*** Provided entries Section Begins ***
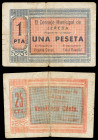 Jeresa (Valencia). Consejo Municipal. 25 céntimos y 1 peseta. (T. 869 y 870a) (KG. 428) (RGH. 3037 y 3038). 2 billetes, serie completa. El de 25 cénti...
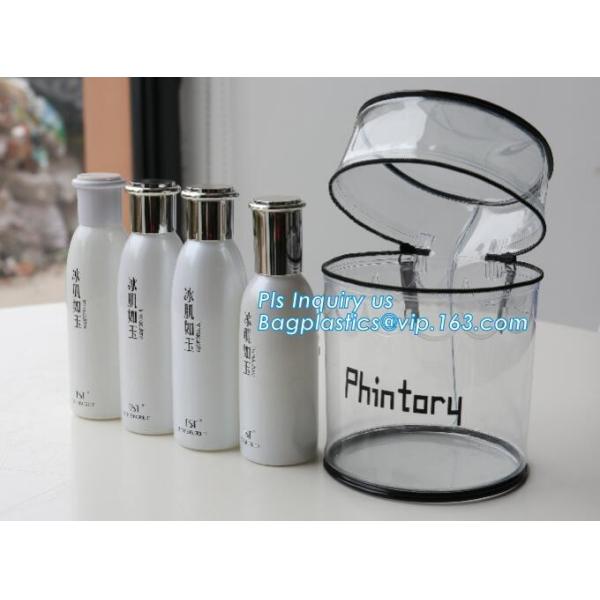 ZIP BARREL BAG, Cosmetic bag PVC in cylinder shape, Cylinder Round Folable See-through Travel PVC Makeup Case, cylinder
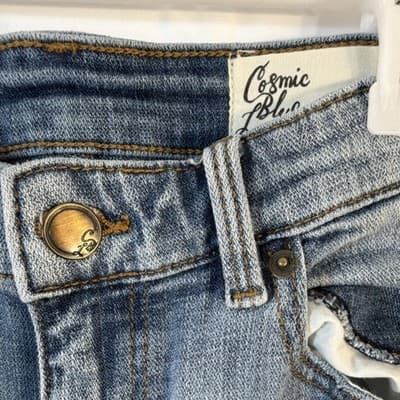 Cosmic Blue Love Distressed Straight Jeans Blue Denim Stretch Women - Thumbnail 2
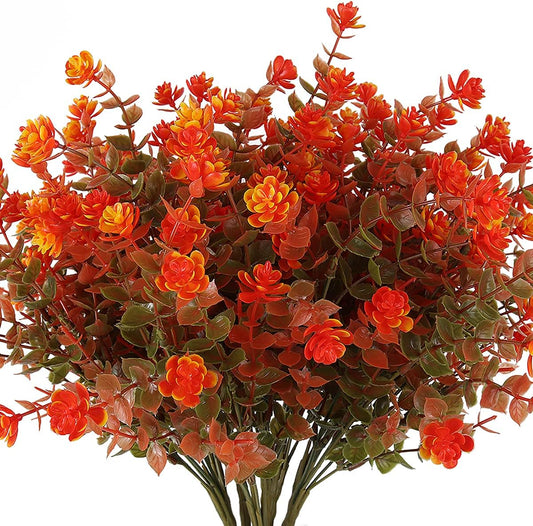 Transform Your Space with 8 Bundles of Lifelike Artificial Fall Flowers - Vibrant Green and Orange Faux Plants for Year-Round Indoor and Outdoor Décor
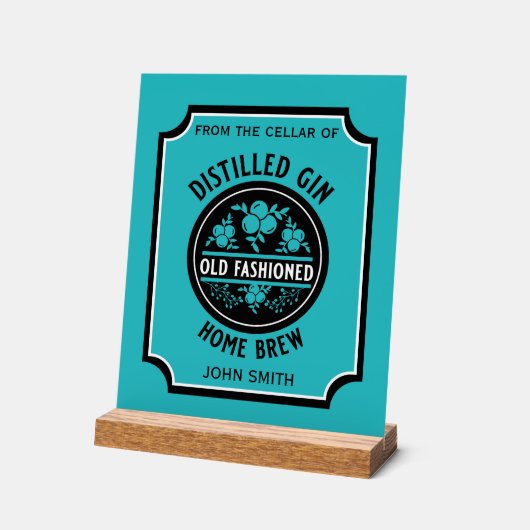 Custom Gin Bottle Acryl Bord (Hoek)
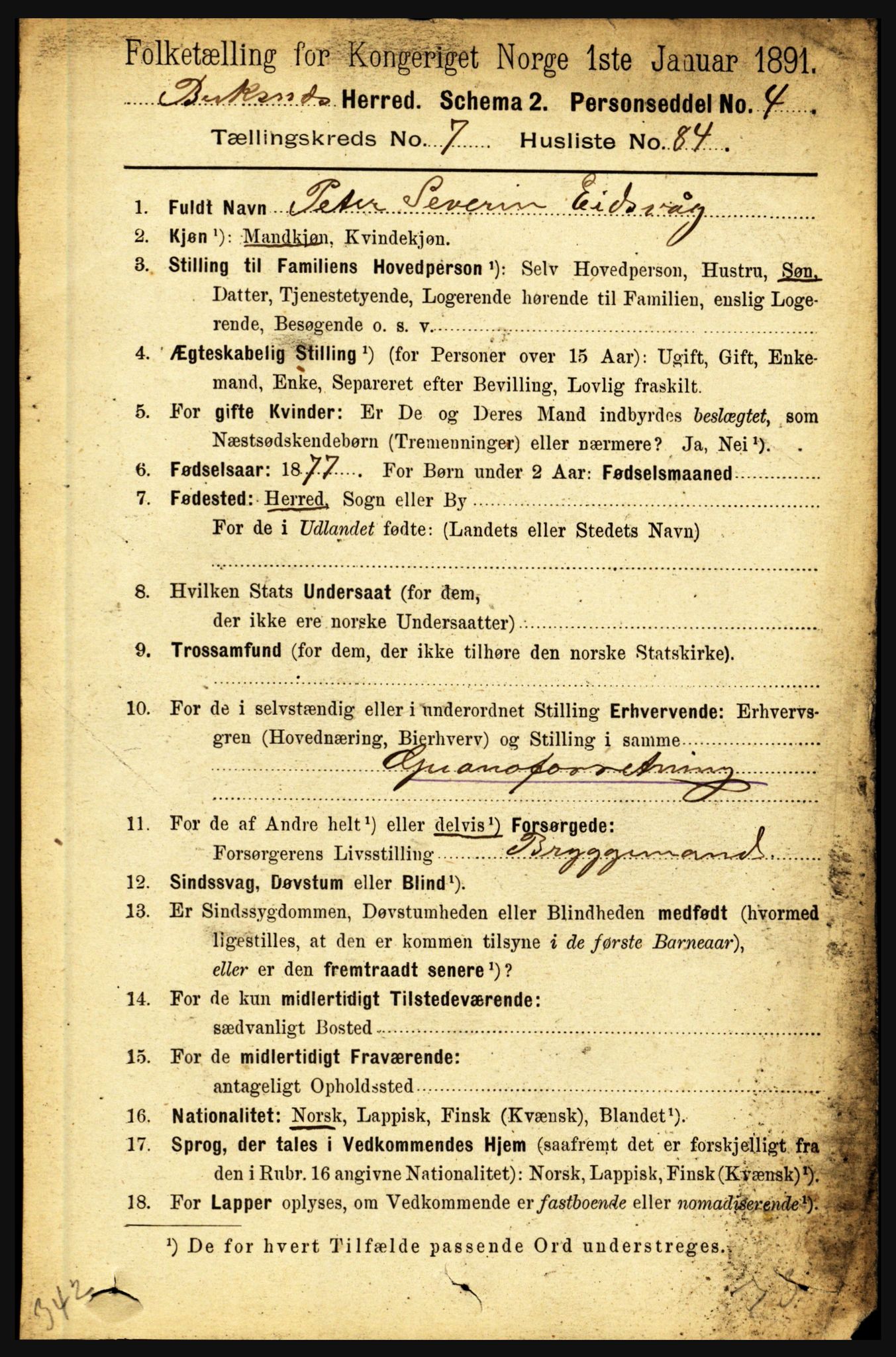 RA, 1891 census for 1860 Buksnes, 1891, p. 5546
*** Provided entries Section Ends ***
◆ Aim of the task
The expected answer is an exact copy of the lines from the one containing "Custom Gin Bottle Acryl Bord (Hoek)" through the last line of the entries above, both included, without pictures.

◆ Response to this task
 Custom Gin Bottle Acryl Bord (Hoek)
 RA, 1891 census for 1860 Buksnes, 1891, p. 5546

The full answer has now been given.